--- TASK DIRECTIONS ---
Restate word for word the material below, starting at the line that contains "Wide Cali Hoops" and stopping after the last line; skip pictures.
DATASET RECORDS below:
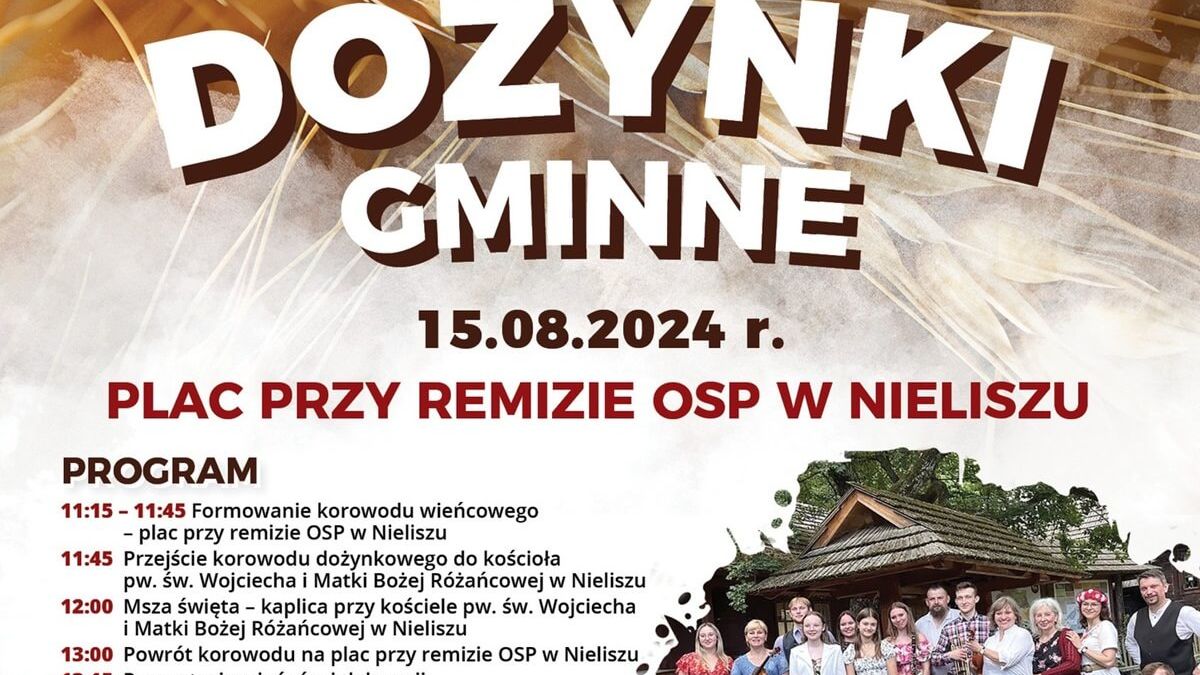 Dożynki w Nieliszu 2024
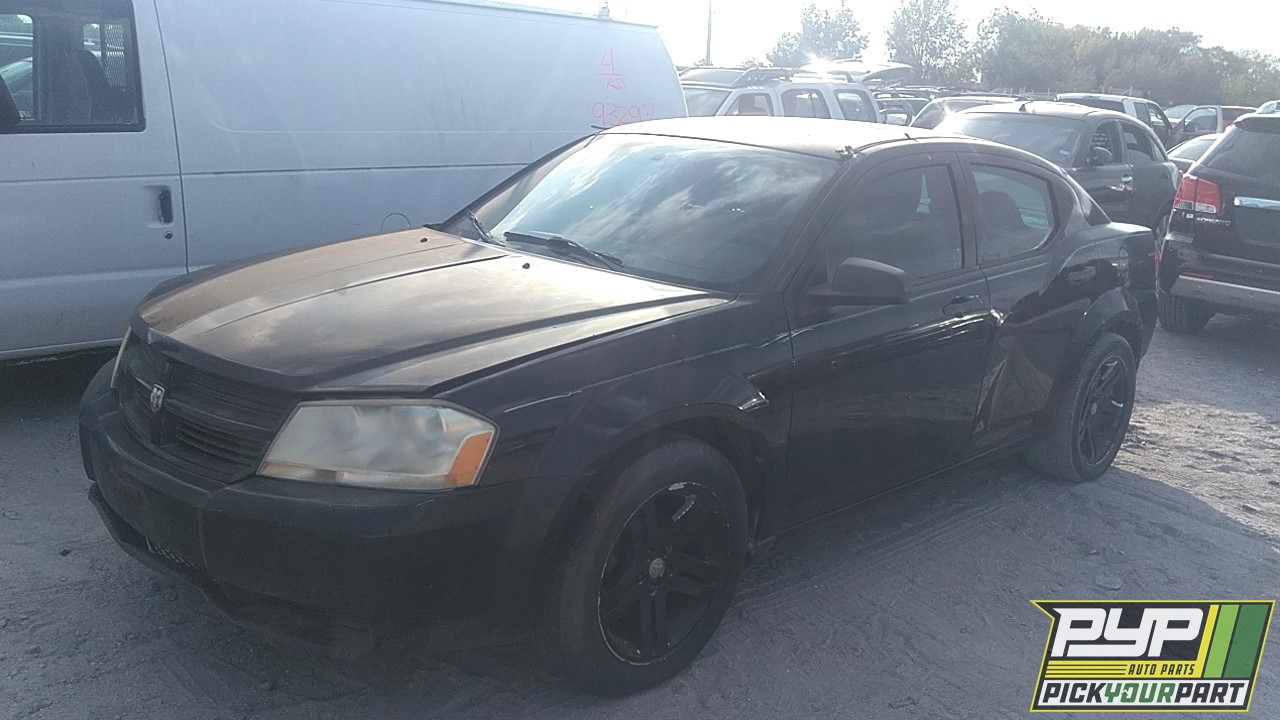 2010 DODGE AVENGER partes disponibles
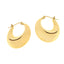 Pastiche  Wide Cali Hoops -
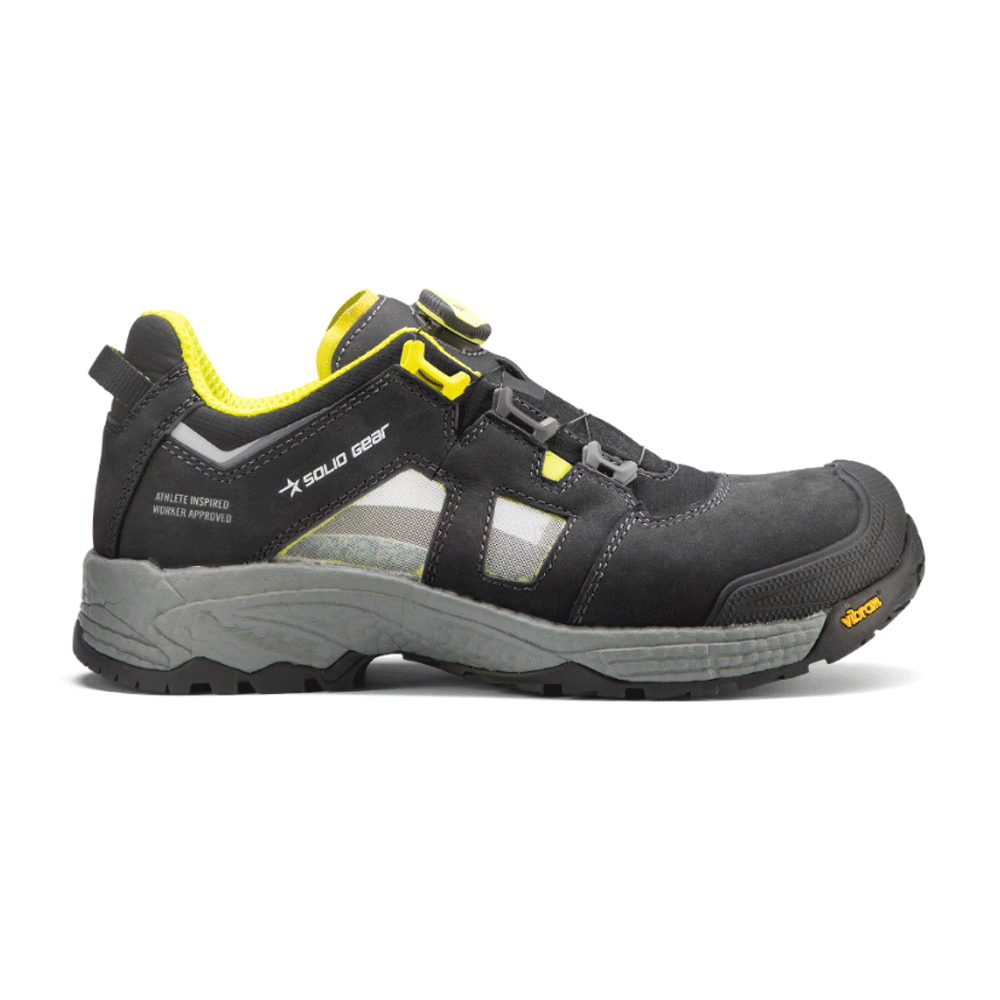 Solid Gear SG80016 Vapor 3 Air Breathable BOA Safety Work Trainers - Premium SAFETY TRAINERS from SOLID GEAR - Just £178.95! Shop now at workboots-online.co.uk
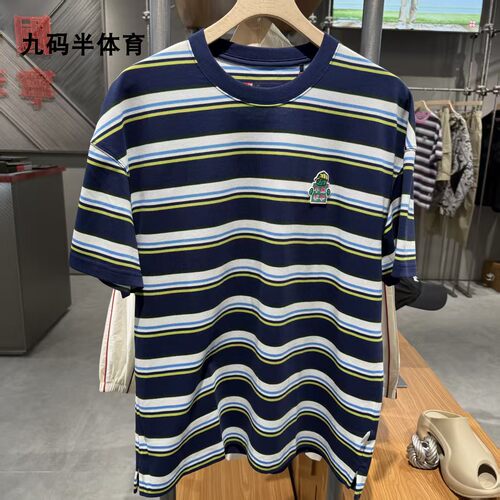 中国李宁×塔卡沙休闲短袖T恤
End of DATASET RECORDS.
--- ANSWER TO THIS TASK ---
 Pastiche  Wide Cali Hoops -
 Solid Gear SG80016 Vapor 3 Air Breathable BOA Safety Work Trainers - Premium SAFETY TRAINERS from SOLID GEAR - Just £178.95! Shop now at workboots-online.co.uk
 中国李宁×塔卡沙休闲短袖T恤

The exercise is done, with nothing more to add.